# another nail question



## StGeorgeK9 (Jan 5, 2008)

Ava has always had issues with her nails being clipped and then just before we moved I took her to someone and they quicked her pretty bad and it became almost impossible to touch them. I have been working with her for months now, and now have her to the point where I can trim them easily (she still doesnt like it, but she allows it without having a meltdown)

The problem I am having now is they got too long while I was working with her on accepting handling again. I have been trimmining them a couple times a week trying to get them back to where they should be but the quick doesnt seem to be shrinking back so that I can get them shorter. 

Am I wrong in thinking that with regular trimming the quick is supposed to shrink back? Is there something else I can try?


----------



## JKlatsky (Apr 21, 2007)

With regular trimming they should start to shrink back, but the other thing that helps is filing. If you can use a dremel, or even a nail file every day it will help with her foot sensitivity and also help to get the quick t recede.


----------



## StGeorgeK9 (Jan 5, 2008)

I do use a dremmel after the trim to smooth up edges, Do you think if I use the dremmel daily that would help in between the nail trims?


----------



## Elaine (Sep 10, 2006)

Why are you using both a clipper and the grinder? If she handles the grinder fine, I would use that and only that once a week as you can get a much closer trim without hitting the quick. It sounds like you are not trimming as much as you should if the toes are still too long. If you are not sure of yourself and afraid you are too close, you can try and grind back as far as you can comfortably go and then grind off just the outside shell of the nail, leaving the soft inner part. This leaves it exposed and will back up the quick very quickly.


----------



## StGeorgeK9 (Jan 5, 2008)

She really doesnt like the dremel at all, so I can still only do very short sessions with it right now. (which is why I was only using it to touch up edges) I'm trying to get her to the point where she is completely relaxed while working on her feet with either the clippers or the dremel so I didnt want to push too hard too fast. But I will start stepping up the use of the dremel.


----------



## EJQ (May 13, 2003)

Have you tried giving her a treat every time you touch her nails? It might help her to understand that this can be a positive experience.


----------



## StGeorgeK9 (Jan 5, 2008)

yes, that is how we got to the point we are now. We started with just handling the paws and rewarding, then touching with clippers or dremel, reward, small tip on one claw, reward... etc.... She has come a long long way in the past few months. But in the process (and we are not all the way there yet) her nails have gotten longer than they should. Honestly, I dont know what all happened at that groomers. All I know for sure is that while she didnt like her nails done before, she would accept it, but afterwards, she didnt want anyone to even look at her paws very hard. So, I will not trust her feet to someone else again, and will continue to work them back to where they need to be. I guess I just thought I would be closer by now.


----------



## pinkanml (Sep 3, 2007)

I've found that smaller sized nail clippers with thinner blades are able to kinda "shave" the nail in thin slices, so you can get pretty close to the quick with them.
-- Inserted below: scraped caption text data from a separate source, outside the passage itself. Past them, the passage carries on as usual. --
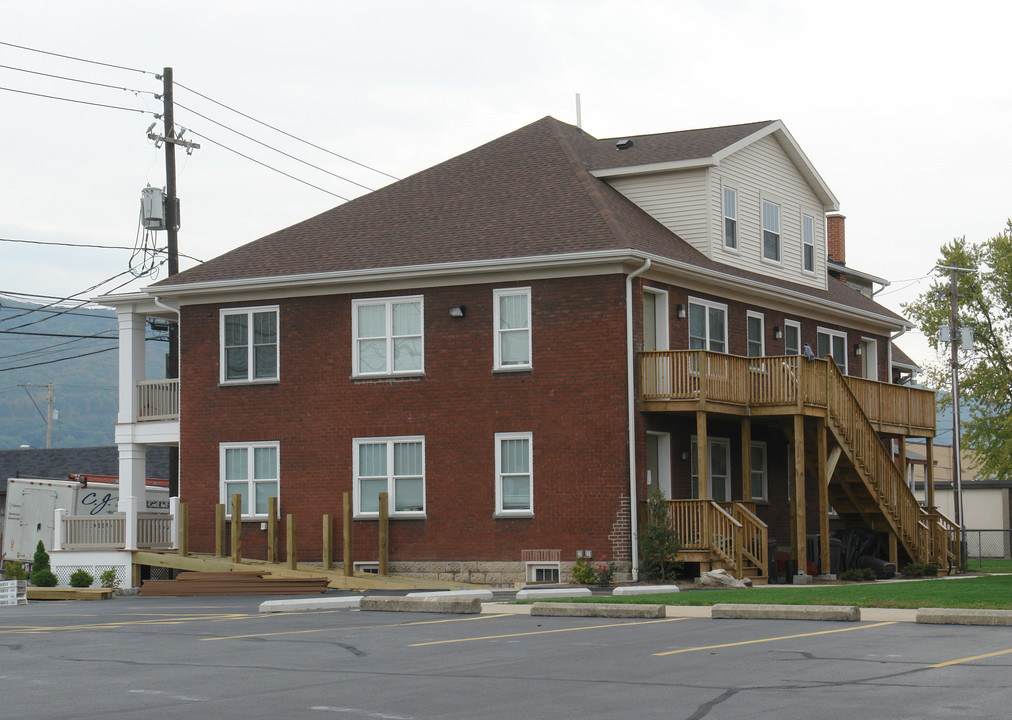 225 E Church St in Williamsport, PA - Building Photo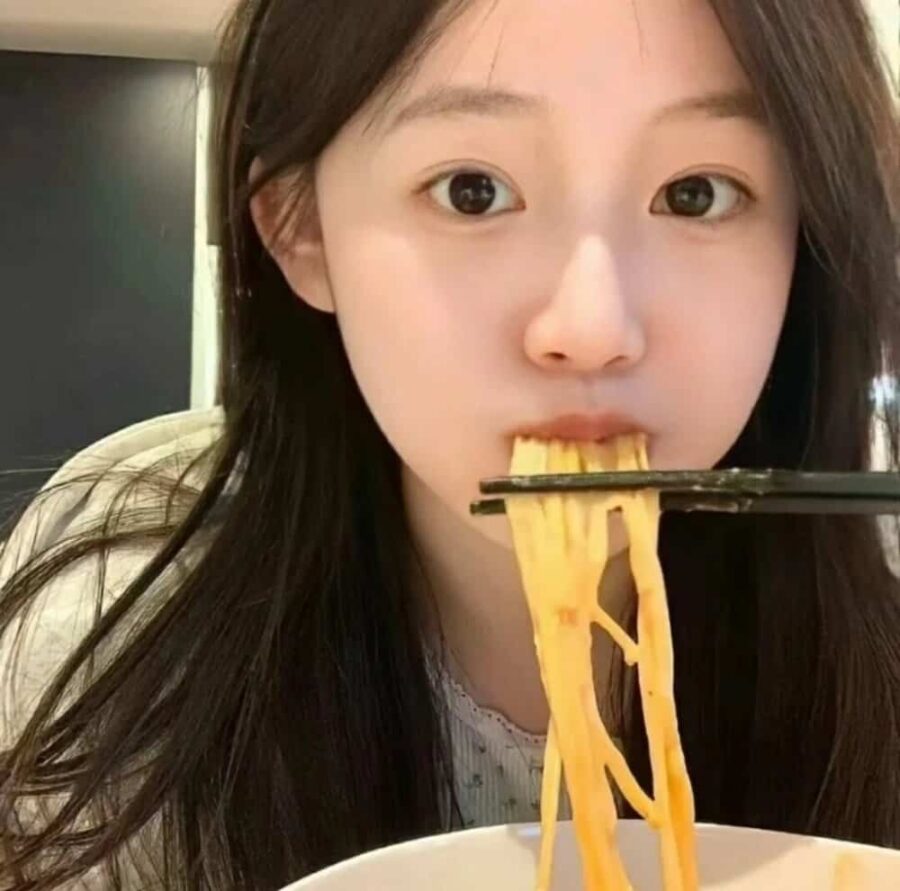 小众好看不易撞甜美真人照片女生头像 可爱女孩自然正面照女头图_7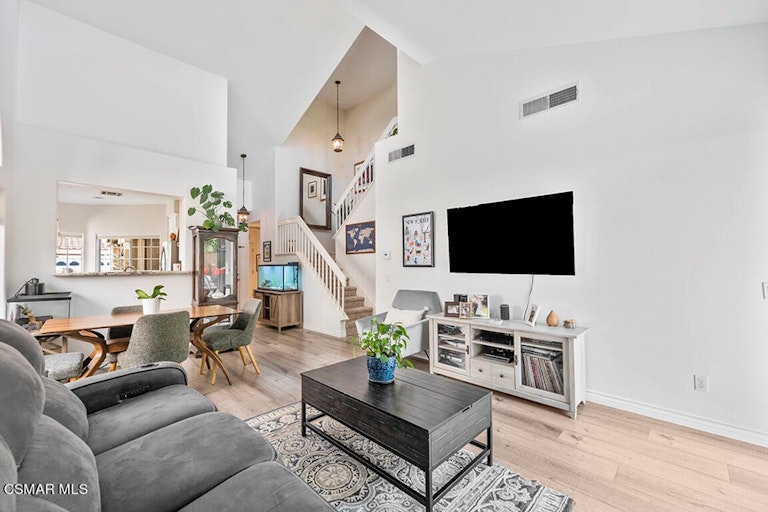 Photo 8 of 40 - 4891 Lazio Way, Oak Park, CA 91377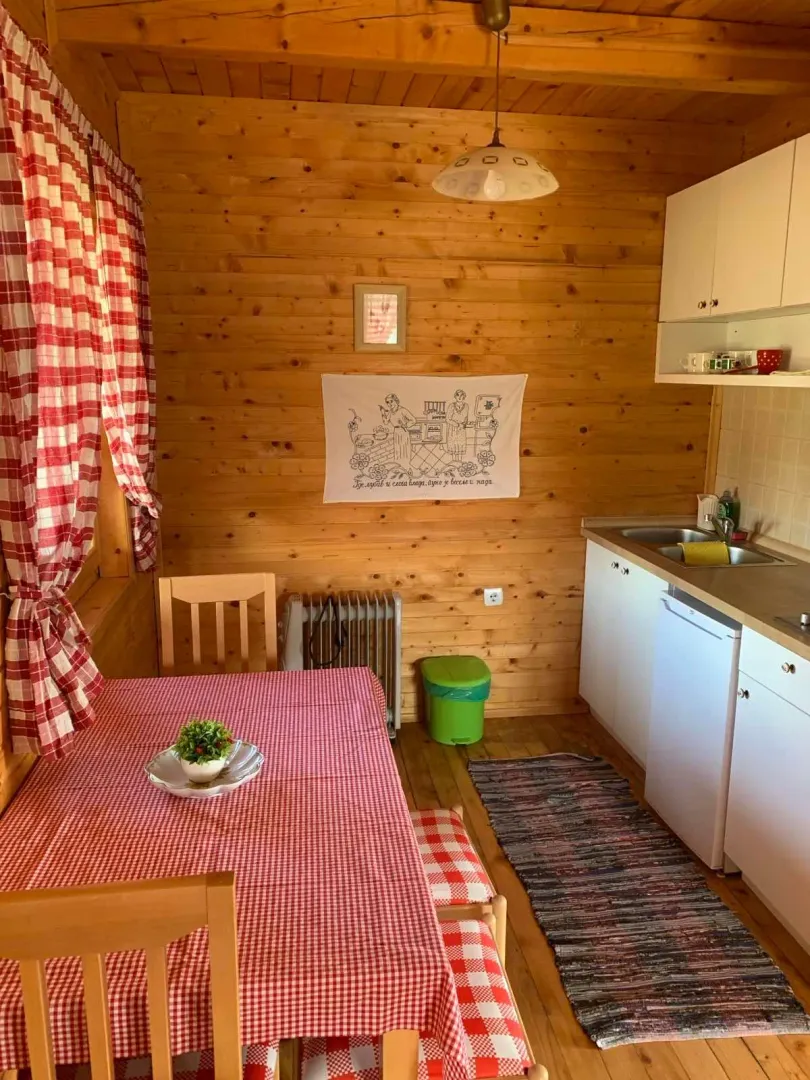 Drvena trpezarija sa kuhinjom u vikendici.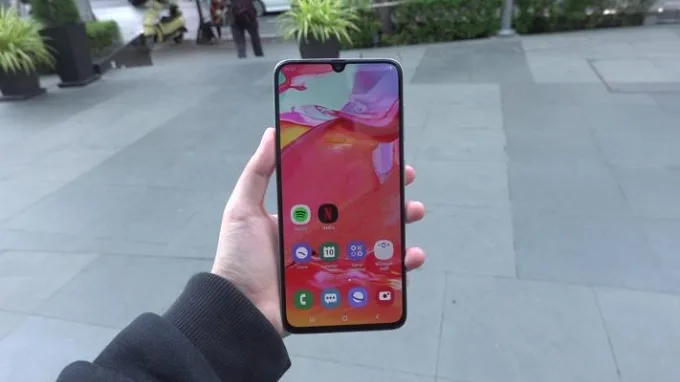 Galaxy A70 mang màn hình giọt nước với kích thước màn hình lớn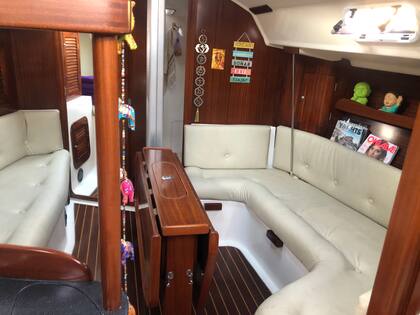 Hoy, compraron un barco de 34 pies, más grande que el primero que tuvieron, en el que organizan salidas con mayor frecuencia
I had this cheap small/med size one from Petsmart when Nico was a pup and it lasted me until a few months ago. That thing could shave the nail like cold butter, and I always got remarks on how short his nails were. 

Sasha's are a different story, she has really resistant quicks and her nails were long when I got her a couple years ago. They're still longer than I like, but off the floor. I got them back by cutting as close as possible (using multiple thin cuts) and then beveling the edges by cutting the sharp angles off. That kinda exposed the interior like mentioned above with the dremel.

Figures I went ahead and bought a med/large clipper the other day and quicked her bad for the first time ever. I'm going to donate it to the daycare and go buy a smaller one, or probably a dremel.

How close are you getting, can you start to see that black central dot in the nail? Also maybe just hand filing would work if she hates the dremel.


----------



## StGeorgeK9 (Jan 5, 2008)

Do you have a pic or a web site where you got your clippers Jessica? I bought new ones, that are much sharper than the the others, which helped a lot, but if I could find an even sharper set I'm sure it would be better still. I do try to shave off and just take a little at a time and I do get it down to that dot, I get close, and have actually quicked her slightly myself on accident (fortunately it was not enough that she even noticed herself). Since I'm doing this a couple times a week right now, there isnt much to take off each time anyway so I've been trying to be careful. I will pick up a hand file the next time we are out at the pet store, that may be the best way to go. Ava's nails are not touching the floor when she stands, but she still has a pretty good clipping sound when she walks on the tile and wood floors. 

I'm not sure I understand what you mean by exposing the interior. Do you file the underside and the edges to do that?


----------



## pinkanml (Sep 3, 2007)

I bought the clippers at Petsmart and they were just the generic black handled brand. When I went back to get another pair, they had changed to ones with blue handles and they were completely different









To expose the outside, rather than clipping straight across the nail, with the clipper flush against, I would tilt the clipper to catch the edge on an oblique plane and cut the corners away from the middle (if that makes any sense) on the left and right, which left a little point at the top that I'd trim off too.

I will have to post pics later, though it will be hard to do it with these stupid clunky ones I have now.


----------



## StGeorgeK9 (Jan 5, 2008)

Thanks so much Jessica!!


----------



## pinkanml (Sep 3, 2007)

You're welcome, I really hope that awful explanation helped


----------